Top of Provided material
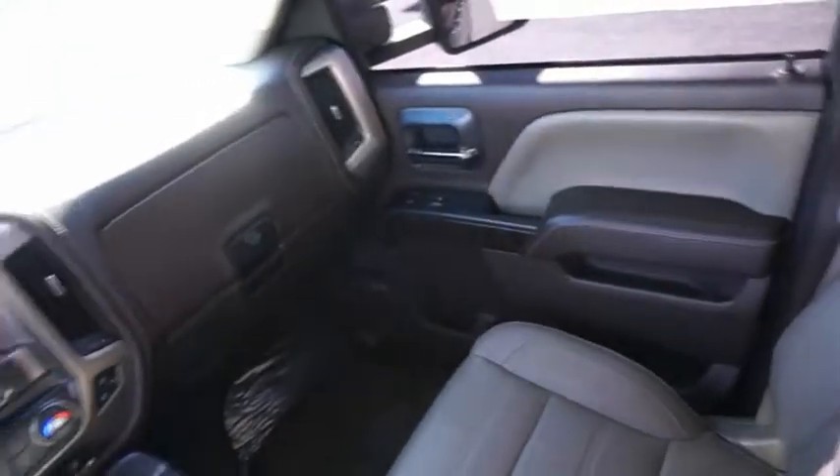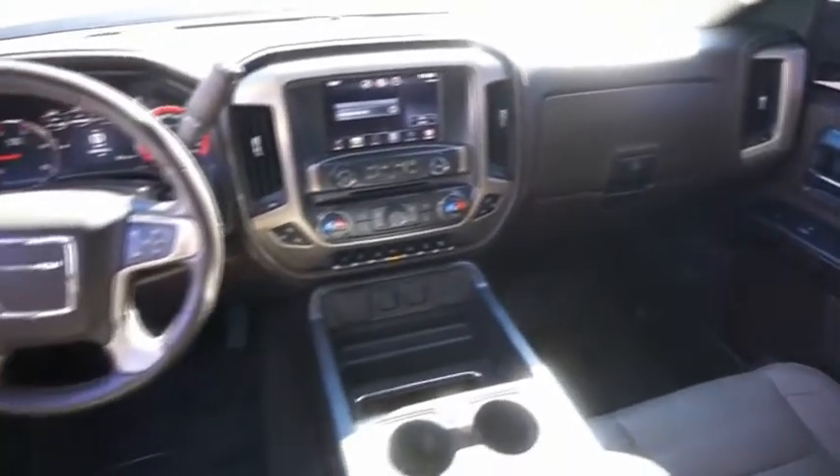This isn't just a vehicle, it's an experience. So stop in for a test drive today.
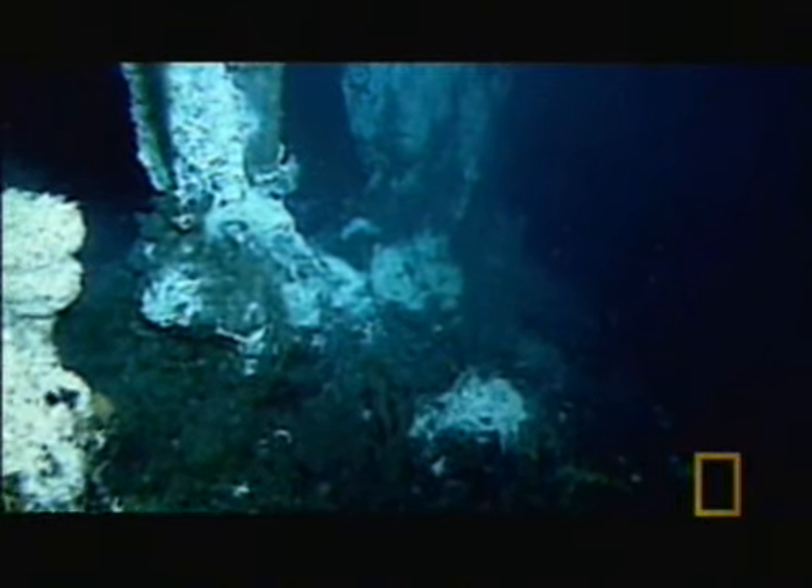300 feet from the bottom, they turn the lights back on. And then all of a sudden, this world opens up.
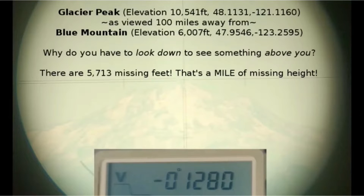If you actually do the math, you'll find there are several thousand missing feet due to the Earth's curvature. The most interesting thing is that something thousands of feet above the observer actually appears below the observer, which can only be because the Earth is curved.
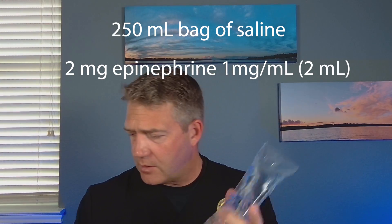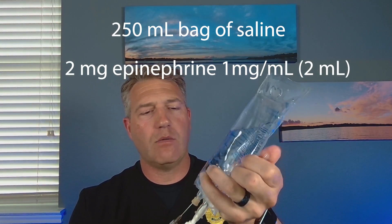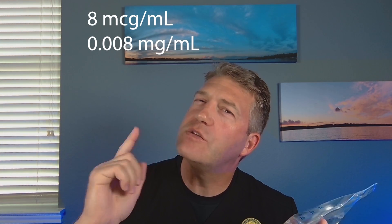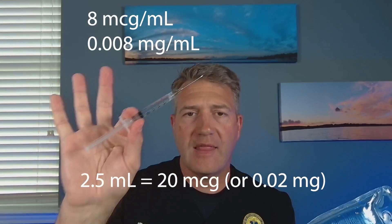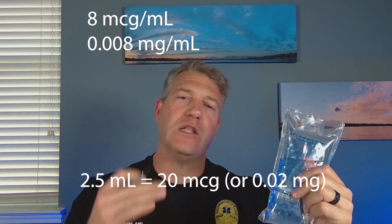I take my 250mL bag of fluid and inject that right in through the medication port — injecting that two milligrams in. Mix that up gently — just inverting it, not shaking vigorously or making foam. My concentration in this bag now is 8 micrograms per mL. Remember that — the dose for push-dose epinephrine is 20 micrograms. So if I draw up two and a half mLs from this bag, that's 20 micrograms of epinephrine — that's my push dose. Mix it up, hang it, give them the little push dose, and start running the infusion. That gives them the loading dose, brings the pressure up, and then we maintain it with the continuous infusion.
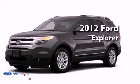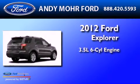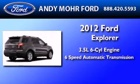This is a brand new 2012 Ford Explorer. It has a 3.5 liter 6-cylinder engine and a 6-speed automatic transmission.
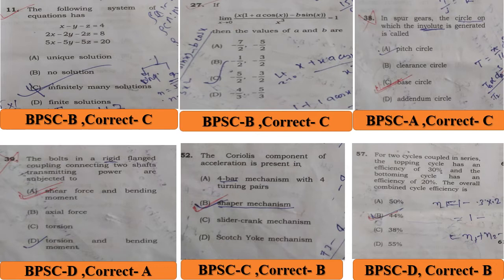Question No. 38: in a gear, the circle from which the involute is generated is called — BPSC answer is A, pitch circle, but the correct answer is C, base circle.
Bottom of Provided material
-- Problem details --
Copy each of the entries above precisely, and drop whatever pictures they hold.

-- Response for this exercise --
This isn't just a vehicle, it's an experience. So stop in for a test drive today.
300 feet from the bottom, they turn the lights back on. And then all of a sudden, this world opens up.
If you actually do the math, you'll find there are several thousand missing feet due to the Earth's curvature. The most interesting thing is that something thousands of feet above the observer actually appears below the observer, which can only be because the Earth is curved.
I take my 250mL bag of fluid and inject that right in through the medication port — injecting that two milligrams in. Mix that up gently — just inverting it, not shaking vigorously or making foam. My concentration in this bag now is 8 micrograms per mL. Remember that — the dose for push-dose epinephrine is 20 micrograms. So if I draw up two and a half mLs from this bag, that's 20 micrograms of epinephrine — that's my push dose. Mix it up, hang it, give them the little push dose, and start running the infusion. That gives them the loading dose, brings the pressure up, and then we maintain it with the continuous infusion.
This is a brand new 2012 Ford Explorer. It has a 3.5 liter 6-cylinder engine and a 6-speed automatic transmission.
Question No. 38: in a gear, the circle from which the involute is generated is called — BPSC answer is A, pitch circle, but the correct answer is C, base circle.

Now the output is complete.